Eleições 2026: Cajazeiras cobra compromissos – Por Alexandre Costa
Órfã, há décadas, de uma genuína representação política na Câmara Federal, Cajazeiras ressente-se da ausência de um legítimo representante em Brasília, capaz de articular, defender e carrear para o município as obras estruturantes que há tanto tempo aguardamos.

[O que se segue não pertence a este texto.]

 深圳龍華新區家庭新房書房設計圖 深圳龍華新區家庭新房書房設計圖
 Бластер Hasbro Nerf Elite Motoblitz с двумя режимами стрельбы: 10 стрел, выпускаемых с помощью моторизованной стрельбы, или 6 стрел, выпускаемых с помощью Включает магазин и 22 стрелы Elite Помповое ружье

Esse quadro se agravou nos últimos sete anos, marcado pelo distanciamento político entre o município e o governo do Estado. Fomos tratados a pão e água, não apenas pela escassez de investimentos em obras de infraestrutura, indispensáveis ao atendimento das próprias demandas vegetativas da cidade, mas também pela exclusão de importantes programas estaduais, como o Travessias Urbanas, que asfaltou a maioria dos municípios paraibanos, independentemente do seu porte, além de outros investimentos previstos no plano de governo estadual para 2025-2026.
O caso mais emblemático foi a não implantação, em Cajazeiras, do Museu de Arqueologia da Paraíba (MAP). O equipamento constitui um dos quatro eixos estratégicos de investimentos do revolucionário projeto denominado Complexo Científico do Sertão, ao lado do Rádio Telescópio Bingo, em Aguiar, e da Cidade da Astronomia, em Carrapateira, cujas obras já se encontram em estágio avançado. E Cajazeiras, nada? É uma ausência que, até hoje, permanece sem explicação convincente e, muito menos, justificativa plausível.
É evidente que questionamentos dessa natureza são dirigidos também a alguns dos nossos representantes políticos, eleitos com expressiva votação na cidade, mas que, na maioria das vezes, nos viram as costas, revelando falta de compromisso ou, pior, uma cruel indiferença diante das demandas de uma população que já cansou de esperar.
É nesse vácuo de representação que ressurge uma Cajazeiras forte e altaneira, fruto da reaglutinação de movimentos sociais em torno de uma causa maior. E ela nos presenteia com aquilo que temos de melhor: a força da Sociedade Civil Organizada, calejada pela experiência, detentora de uma expertise reconhecida em todo o Estado, construída ao longo de décadas de enfrentamento de dificuldades, rompimento de barreiras e superação de desafios.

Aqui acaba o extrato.